[Extracted data Boundary: Start]
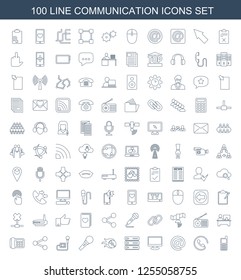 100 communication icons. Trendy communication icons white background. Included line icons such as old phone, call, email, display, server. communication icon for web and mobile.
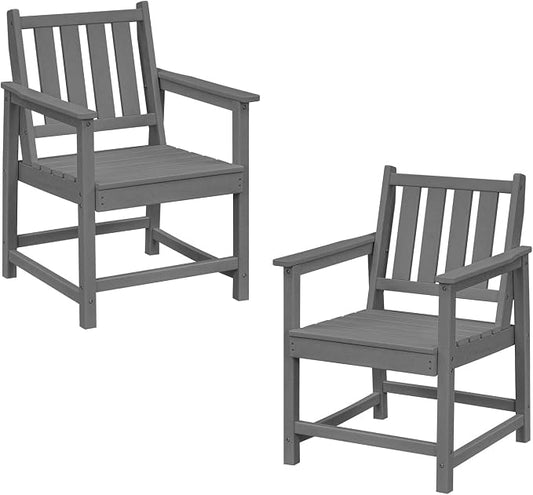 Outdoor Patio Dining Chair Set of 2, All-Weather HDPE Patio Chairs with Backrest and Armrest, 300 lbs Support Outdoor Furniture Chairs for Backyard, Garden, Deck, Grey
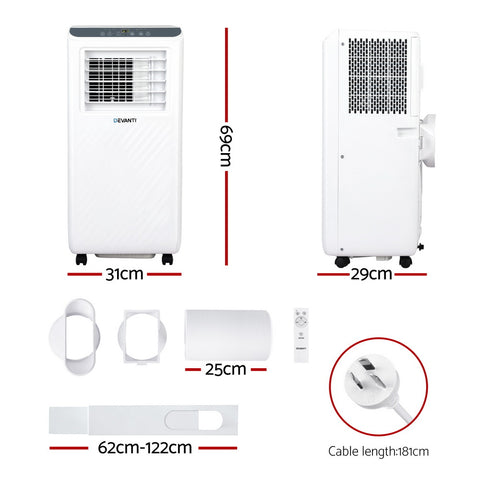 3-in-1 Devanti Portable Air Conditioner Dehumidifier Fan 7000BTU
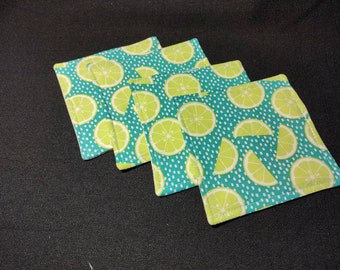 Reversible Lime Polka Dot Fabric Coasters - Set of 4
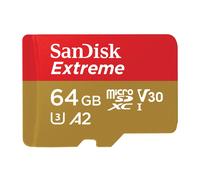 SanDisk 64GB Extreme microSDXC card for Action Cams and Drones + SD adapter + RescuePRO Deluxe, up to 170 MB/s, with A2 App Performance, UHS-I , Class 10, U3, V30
[Extracted data Boundary: End]
[Extracted data Boundary: Start]
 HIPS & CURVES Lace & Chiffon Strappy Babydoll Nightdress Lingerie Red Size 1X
[Extracted data Boundary: End]
Problem description: No picture is to be printed. Output exactly the lines above from the line containing "100 communication icons." through the line containing "3-in-1 Devanti Portable".

Solution to this problem:
 100 communication icons. Trendy communication icons white background. Included line icons such as old phone, call, email, display, server. communication icon for web and mobile.
 Outdoor Patio Dining Chair Set of 2, All-Weather HDPE Patio Chairs with Backrest and Armrest, 300 lbs Support Outdoor Furniture Chairs for Backyard, Garden, Deck, Grey
 3-in-1 Devanti Portable Air Conditioner Dehumidifier Fan 7000BTU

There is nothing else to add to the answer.